• [Your instructions]
Two lines in the listing below mark the span: one contains "portrait of a bull" and one contains "LOT 3 FISHERS COURT Roxboro, NC 27574". Reproduce both of them and everything between, exactly.
(Beginning of Given data)
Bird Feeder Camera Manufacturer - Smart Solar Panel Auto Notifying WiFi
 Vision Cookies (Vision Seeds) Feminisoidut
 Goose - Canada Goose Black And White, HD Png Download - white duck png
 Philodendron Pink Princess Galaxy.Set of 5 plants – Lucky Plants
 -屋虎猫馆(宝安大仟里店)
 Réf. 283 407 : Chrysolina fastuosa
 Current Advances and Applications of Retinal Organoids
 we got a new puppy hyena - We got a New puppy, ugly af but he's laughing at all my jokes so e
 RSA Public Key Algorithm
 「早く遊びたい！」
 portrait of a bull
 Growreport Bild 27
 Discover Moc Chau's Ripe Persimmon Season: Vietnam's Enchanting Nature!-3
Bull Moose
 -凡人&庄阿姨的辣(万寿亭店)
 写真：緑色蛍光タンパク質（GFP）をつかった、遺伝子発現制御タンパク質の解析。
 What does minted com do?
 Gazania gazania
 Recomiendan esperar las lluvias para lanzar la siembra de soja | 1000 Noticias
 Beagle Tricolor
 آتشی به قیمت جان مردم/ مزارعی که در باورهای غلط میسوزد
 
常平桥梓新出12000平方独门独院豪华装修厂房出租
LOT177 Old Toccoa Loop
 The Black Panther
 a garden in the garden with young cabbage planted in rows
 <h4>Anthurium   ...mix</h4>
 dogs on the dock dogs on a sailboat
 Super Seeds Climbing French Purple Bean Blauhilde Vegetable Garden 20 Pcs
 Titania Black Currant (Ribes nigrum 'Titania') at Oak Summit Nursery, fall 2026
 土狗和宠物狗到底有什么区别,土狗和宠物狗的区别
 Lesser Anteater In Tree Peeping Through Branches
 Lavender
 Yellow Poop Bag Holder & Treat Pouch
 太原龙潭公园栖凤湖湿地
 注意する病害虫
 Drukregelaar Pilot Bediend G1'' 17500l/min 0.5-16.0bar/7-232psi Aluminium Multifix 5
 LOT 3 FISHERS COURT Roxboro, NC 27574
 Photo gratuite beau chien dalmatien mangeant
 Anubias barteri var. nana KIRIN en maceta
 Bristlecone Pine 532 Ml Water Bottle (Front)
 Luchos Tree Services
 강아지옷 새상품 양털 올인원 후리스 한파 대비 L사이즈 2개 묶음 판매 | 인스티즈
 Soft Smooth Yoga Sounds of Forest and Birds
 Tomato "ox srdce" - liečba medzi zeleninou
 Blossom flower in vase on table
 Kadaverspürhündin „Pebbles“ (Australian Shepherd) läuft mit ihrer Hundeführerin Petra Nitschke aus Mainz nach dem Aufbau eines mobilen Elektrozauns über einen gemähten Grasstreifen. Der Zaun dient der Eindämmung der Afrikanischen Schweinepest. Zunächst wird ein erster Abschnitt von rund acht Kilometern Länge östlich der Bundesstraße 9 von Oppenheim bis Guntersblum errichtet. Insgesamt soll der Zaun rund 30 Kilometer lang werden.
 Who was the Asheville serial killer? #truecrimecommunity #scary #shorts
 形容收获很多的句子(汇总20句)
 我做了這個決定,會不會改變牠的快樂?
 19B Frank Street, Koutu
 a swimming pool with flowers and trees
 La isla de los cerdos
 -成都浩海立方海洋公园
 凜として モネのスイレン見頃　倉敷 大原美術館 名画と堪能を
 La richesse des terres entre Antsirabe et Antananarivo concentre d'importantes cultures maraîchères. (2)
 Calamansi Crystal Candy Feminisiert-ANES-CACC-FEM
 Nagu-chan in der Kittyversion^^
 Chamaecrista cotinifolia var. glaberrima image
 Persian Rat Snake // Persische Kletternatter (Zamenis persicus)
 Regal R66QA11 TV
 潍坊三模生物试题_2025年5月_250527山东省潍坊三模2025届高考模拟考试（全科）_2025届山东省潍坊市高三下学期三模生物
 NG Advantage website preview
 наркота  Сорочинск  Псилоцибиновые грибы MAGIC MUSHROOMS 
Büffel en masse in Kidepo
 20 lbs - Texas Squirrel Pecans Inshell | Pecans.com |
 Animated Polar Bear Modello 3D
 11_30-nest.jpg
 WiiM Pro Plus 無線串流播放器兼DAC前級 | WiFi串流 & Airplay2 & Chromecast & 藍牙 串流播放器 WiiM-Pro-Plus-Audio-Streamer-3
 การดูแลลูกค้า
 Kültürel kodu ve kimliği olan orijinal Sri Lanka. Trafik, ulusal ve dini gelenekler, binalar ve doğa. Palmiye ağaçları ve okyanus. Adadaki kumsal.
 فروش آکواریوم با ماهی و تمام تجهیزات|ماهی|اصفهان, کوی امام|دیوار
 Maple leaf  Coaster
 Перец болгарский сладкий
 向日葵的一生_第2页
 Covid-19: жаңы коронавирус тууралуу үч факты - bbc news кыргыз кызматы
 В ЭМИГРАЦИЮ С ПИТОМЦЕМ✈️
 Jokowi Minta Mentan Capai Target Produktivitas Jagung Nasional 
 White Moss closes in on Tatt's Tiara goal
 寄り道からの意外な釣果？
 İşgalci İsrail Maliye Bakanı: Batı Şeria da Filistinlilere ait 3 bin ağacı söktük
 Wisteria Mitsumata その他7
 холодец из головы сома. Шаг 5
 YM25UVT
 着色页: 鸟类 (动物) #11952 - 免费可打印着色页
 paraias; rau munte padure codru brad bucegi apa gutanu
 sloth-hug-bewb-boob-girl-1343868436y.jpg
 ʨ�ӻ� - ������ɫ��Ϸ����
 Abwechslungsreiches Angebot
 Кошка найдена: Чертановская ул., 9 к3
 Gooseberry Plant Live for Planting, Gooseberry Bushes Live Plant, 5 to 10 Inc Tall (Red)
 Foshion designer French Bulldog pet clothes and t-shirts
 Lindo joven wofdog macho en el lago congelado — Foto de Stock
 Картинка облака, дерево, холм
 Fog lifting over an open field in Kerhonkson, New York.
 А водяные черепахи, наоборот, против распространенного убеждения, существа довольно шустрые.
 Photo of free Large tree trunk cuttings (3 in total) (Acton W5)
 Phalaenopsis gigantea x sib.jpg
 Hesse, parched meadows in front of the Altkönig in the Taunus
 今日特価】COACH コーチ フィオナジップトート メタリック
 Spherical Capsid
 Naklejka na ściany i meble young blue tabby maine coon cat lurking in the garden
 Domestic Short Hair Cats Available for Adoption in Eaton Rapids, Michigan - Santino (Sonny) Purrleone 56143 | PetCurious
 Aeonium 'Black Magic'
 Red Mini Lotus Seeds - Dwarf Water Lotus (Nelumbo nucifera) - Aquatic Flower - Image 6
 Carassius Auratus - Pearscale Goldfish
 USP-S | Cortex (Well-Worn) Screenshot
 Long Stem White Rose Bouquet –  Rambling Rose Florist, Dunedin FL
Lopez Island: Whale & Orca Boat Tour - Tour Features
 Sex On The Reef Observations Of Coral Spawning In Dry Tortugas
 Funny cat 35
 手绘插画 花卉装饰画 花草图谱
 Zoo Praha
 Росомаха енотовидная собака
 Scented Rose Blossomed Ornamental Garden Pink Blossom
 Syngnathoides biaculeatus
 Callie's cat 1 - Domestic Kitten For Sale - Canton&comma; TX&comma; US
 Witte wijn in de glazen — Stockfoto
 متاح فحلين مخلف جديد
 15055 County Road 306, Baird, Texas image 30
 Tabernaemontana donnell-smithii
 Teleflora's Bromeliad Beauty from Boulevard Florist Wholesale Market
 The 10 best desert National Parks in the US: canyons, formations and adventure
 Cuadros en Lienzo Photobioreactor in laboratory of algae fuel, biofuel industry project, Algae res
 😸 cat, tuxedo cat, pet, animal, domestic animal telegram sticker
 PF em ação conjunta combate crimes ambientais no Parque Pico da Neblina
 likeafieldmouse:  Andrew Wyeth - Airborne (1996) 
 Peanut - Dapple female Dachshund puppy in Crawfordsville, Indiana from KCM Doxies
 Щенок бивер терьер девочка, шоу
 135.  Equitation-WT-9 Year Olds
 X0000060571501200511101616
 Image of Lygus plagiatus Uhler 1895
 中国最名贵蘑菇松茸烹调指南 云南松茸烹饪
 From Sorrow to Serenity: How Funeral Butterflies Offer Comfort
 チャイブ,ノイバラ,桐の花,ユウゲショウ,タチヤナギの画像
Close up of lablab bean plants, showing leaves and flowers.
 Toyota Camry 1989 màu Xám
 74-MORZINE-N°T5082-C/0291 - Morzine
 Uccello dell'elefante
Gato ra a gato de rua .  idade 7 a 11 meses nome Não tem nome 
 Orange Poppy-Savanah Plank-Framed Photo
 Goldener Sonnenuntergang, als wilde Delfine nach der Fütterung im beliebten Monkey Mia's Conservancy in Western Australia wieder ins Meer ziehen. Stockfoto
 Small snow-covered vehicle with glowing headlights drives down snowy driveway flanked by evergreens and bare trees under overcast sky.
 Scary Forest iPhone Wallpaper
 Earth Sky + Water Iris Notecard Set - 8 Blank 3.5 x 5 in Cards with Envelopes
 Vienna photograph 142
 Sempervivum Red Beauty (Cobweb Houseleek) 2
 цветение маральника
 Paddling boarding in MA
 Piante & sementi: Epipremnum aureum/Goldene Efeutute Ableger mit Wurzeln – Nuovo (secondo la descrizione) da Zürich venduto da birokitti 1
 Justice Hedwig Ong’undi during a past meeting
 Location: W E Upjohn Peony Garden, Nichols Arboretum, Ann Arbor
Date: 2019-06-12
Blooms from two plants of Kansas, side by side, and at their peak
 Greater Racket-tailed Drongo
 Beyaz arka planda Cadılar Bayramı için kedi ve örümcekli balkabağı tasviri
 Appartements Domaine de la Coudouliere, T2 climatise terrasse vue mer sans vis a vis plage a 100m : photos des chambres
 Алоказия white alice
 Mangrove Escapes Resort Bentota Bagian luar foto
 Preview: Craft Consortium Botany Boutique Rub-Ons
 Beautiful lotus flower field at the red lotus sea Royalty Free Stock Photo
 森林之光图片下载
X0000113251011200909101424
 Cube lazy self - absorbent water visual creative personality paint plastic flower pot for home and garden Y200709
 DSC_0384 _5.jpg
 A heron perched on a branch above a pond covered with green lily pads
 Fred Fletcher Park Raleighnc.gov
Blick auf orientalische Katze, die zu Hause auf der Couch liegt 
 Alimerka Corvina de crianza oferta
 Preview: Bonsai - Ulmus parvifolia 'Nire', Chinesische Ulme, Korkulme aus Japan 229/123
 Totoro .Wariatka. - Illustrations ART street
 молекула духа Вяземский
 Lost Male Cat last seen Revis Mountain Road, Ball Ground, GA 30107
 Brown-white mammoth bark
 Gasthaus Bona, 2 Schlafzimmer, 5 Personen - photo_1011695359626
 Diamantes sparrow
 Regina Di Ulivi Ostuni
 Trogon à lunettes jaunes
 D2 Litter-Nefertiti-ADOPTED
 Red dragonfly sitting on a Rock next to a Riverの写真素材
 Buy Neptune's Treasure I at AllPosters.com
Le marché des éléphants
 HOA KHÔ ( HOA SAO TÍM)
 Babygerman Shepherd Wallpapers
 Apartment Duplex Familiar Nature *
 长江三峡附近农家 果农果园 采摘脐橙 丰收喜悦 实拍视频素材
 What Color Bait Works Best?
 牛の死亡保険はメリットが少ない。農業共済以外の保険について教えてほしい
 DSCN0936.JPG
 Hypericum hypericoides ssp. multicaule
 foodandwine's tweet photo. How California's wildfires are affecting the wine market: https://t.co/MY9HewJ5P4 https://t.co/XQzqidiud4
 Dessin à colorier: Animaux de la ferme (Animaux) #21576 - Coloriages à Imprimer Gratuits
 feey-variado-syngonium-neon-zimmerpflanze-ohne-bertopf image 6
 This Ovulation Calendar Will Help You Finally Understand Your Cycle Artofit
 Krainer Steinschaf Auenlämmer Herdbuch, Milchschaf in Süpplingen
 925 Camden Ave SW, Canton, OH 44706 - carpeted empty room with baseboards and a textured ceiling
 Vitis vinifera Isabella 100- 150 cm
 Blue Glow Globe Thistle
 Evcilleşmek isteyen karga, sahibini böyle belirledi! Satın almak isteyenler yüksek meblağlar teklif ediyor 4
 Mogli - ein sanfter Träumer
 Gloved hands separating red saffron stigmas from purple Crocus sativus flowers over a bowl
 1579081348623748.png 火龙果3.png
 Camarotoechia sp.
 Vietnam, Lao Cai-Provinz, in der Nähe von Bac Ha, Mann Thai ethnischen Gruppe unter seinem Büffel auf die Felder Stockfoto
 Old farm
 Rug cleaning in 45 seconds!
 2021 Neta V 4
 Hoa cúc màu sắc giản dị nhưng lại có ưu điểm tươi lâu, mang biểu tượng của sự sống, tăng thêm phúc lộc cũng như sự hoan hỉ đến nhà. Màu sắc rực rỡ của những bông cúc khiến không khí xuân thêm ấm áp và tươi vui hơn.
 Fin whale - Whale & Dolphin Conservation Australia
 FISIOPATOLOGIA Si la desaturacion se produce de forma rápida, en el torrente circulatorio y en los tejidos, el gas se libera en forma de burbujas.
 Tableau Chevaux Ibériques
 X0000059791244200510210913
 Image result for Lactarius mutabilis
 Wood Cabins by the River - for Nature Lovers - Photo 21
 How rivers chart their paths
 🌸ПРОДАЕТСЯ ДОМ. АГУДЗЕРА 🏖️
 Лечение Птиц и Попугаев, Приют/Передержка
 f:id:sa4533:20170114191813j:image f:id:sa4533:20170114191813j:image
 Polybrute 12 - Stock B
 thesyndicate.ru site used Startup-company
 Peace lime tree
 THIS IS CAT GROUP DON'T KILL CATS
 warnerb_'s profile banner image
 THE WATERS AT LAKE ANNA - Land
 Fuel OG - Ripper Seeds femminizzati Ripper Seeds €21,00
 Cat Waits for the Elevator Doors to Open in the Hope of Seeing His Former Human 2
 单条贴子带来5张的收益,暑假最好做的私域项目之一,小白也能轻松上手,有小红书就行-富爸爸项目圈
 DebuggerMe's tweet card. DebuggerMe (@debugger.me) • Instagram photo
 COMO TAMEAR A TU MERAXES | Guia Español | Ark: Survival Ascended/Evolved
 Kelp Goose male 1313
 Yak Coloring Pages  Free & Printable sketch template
(End of Given data)
• [Result of this exercise]
 portrait of a bull
 Growreport Bild 27
 Discover Moc Chau's Ripe Persimmon Season: Vietnam's Enchanting Nature!-3
Bull Moose
 -凡人&庄阿姨的辣(万寿亭店)
 写真：緑色蛍光タンパク質（GFP）をつかった、遺伝子発現制御タンパク質の解析。
 What does minted com do?
 Gazania gazania
 Recomiendan esperar las lluvias para lanzar la siembra de soja | 1000 Noticias
 Beagle Tricolor
 آتشی به قیمت جان مردم/ مزارعی که در باورهای غلط میسوزد
 
常平桥梓新出12000平方独门独院豪华装修厂房出租
LOT177 Old Toccoa Loop
 The Black Panther
 a garden in the garden with young cabbage planted in rows
 <h4>Anthurium   ...mix</h4>
 dogs on the dock dogs on a sailboat
 Super Seeds Climbing French Purple Bean Blauhilde Vegetable Garden 20 Pcs
 Titania Black Currant (Ribes nigrum 'Titania') at Oak Summit Nursery, fall 2026
 土狗和宠物狗到底有什么区别,土狗和宠物狗的区别
 Lesser Anteater In Tree Peeping Through Branches
 Lavender
 Yellow Poop Bag Holder & Treat Pouch
 太原龙潭公园栖凤湖湿地
 注意する病害虫
 Drukregelaar Pilot Bediend G1'' 17500l/min 0.5-16.0bar/7-232psi Aluminium Multifix 5
 LOT 3 FISHERS COURT Roxboro, NC 27574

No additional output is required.